Il est dix heures quand les deux charlatans et leur patient se retrouvent à Caussols et près de 11 heures quand l’équipe médicale s’enfile dans l’aven. La spéléo c’est comme le vélo, ça s’oublie pas, sauf que, une fois au bas du P17, je m’aperçois que j’ai oublié mon bloqueur de pied à la voiture. Ce petit accessoire étant pour moi le graal de l’ascension plan-plan de tout gouffre qui se respecte, je dévale les 148 mètres de dénivellation avec l’appréhension de la remontée. Comment vais-je faire sans mon indispensable gadget ? Quid de mon genou improbable qui va devoir bloquer la corde sur la pédale ? Dans quel état vais-je arriver en haut ? Est-ce que le brancard mou du spéléo-secours pourra éventuellement me récupérer à la cote – 148 ? Toutes ces questions existentielles me tournicotent à l’intérieur du ciboulot tandis que le Président, imperturbable, équipe de main de maître le trou qu’il a lui-même découvert trente-deux ans plus tôt. Mathieu me fait même remarquer qu’il l’équipe de façon quasi-fédérale en multipliant les amarrages et en recourant le moins possible aux fixations naturelles. Nous subodorons que, pour briguer un second mandat à la tête du CDS06, il tente de s’attirer les bonnes grâces de la Fédération…

Nous babillons allègrement tout en descendant les beaux puits non concrétionnés, mais aimablement calibrés. Au bas du P30, Mathieu me montre une anfractuosité dans laquelle le père François (excusé pour cette sortie) avait réglé un problème urgent de chiasse lors de la dernière expédition. Nous nous recueillons un moment devant les restes du Saint-Homme et poursuivons la descente sous les encouragements du Président : « Vous allez quand même pas rester plantés devant la merde de François, allez, bougez-vous, on doit attaquer le repas à 12h30 ! ». Pas de chance pour Daniel, il est quasiment 12h45 quand nous touchons le bas du dernier P29. Lorsque je lui demande pourquoi nous ne descendons pas à la cote finale de 160, il me chuchote que, non seulement en bas c’est de la bouillaque infâme, mais qu’en plus, les spéleos de passage aiment bien à pisser du haut des quinze mètres du dernier puits… Effectivement, ça calme. Nous déboucherons donc là la demi-bouteille de Côtes-du-Rhône que j’avais apportée pour fêter mon retour sous terre. Après 6 mois d’abstinence éthylique souterraine, le Président a l’oeil qui frise, même s’il me fait remarquer, l’air de rien y toucher, qu’un flacon de 75 cl eût plus été approprié à l’importance de l’évènement.

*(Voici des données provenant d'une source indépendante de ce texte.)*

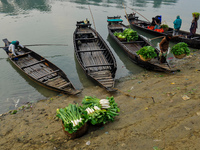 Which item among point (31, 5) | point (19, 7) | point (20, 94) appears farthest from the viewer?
point (31, 5)

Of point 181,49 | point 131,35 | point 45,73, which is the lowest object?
point 45,73

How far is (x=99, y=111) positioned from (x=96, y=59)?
250 inches

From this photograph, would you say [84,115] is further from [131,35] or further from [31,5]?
[31,5]

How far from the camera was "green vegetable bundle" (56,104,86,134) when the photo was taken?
4.31 meters

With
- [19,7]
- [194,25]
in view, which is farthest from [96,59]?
[19,7]

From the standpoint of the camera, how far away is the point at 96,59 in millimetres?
10672

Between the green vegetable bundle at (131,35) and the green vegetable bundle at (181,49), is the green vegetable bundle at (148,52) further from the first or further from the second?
the green vegetable bundle at (131,35)

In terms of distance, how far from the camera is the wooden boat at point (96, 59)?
835cm

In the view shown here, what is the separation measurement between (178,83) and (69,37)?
537 inches

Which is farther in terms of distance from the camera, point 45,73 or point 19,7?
point 19,7

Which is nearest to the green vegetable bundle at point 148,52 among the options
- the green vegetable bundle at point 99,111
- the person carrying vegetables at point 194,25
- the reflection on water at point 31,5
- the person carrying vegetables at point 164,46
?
the person carrying vegetables at point 164,46

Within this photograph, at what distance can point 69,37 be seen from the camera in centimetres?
1723

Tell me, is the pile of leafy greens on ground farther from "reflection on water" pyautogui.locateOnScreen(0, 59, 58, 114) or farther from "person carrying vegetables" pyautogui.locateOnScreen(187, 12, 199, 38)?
"reflection on water" pyautogui.locateOnScreen(0, 59, 58, 114)

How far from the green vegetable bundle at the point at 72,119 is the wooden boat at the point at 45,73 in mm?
2692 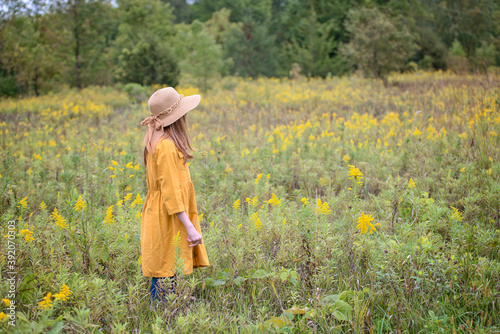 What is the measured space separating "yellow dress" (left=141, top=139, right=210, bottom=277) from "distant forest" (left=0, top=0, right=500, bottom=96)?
12940mm

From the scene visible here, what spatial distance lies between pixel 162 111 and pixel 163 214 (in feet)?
2.53

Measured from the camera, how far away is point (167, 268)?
250 centimetres

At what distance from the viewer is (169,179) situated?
2.38m

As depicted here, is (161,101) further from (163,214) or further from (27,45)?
(27,45)

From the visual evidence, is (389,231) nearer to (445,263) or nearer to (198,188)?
(445,263)

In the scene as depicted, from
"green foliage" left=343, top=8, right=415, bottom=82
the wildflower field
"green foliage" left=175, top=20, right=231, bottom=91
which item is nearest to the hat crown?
the wildflower field

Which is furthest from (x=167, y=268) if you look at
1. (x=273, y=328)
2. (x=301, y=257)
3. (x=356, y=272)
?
(x=356, y=272)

Nos agapes vite expédiées, il est temps de procéder au test grandeur nature de résistance de mon genou gauche et, sans bloqueur de pied, et la boule au ventre, j’attaque la remontée. Lorsque j’arrive au bas du P40, je m’aperçois, consterné, que le genou va plutôt bien, malgré les sollicitations multi-axiales que je lui inflige, mais que côté poumons, je suis au bord de l’étouffement. Je vais donc finir l’ascension en mode « phtysique-tuberculeux », c’est-à-dire avec une pose tous les cinq mètres. Dans le silence sépulcral qui règne ici-bas, et au milieu de mes halètements, j’entends le corps médical qui persifle quelques mètres plus bas : « tu trouves pas qu’il est encore moins rapide que l’ami Fred ? ». Je reconnais la voix mielleuse de cet empaffé de Mathieu. Vexé comme un pou, je prends sur moi d’escalader un peu plus prestement les cinq derniers puits qui me séparent de la sortie. Las, l’orgueil ne peut supplanter longtemps la faiblesse physique et c’est hors d’haleine que je me traîne comme une limace hors du puits d’entrée. Il est alors 15h45. Mathieu me suit cinq minutes plus tard et il sera 16h06 quand le Président passe la moustache hors du trou en soufflant et en geignant. Tiens, ne serais-je pas le seul à souffrir d’un manque d’exercice ? Je garde ma réflexion pour moi et guette avec anxiété le verdict du Président du Comité Orthopédique du GSV. Les deux carabins d’opérette me signifient alors avec toute la solennité dont est capable le GSV que je suis apte à redescendre sous terre moyennant une fréquence accrue des sorties spéléo. Ca veut dire que : un, je vais devoir améliorer mon taux de participation aux sorties club et deux, ne pas oublier de préparer plusieurs bouteilles d’avance.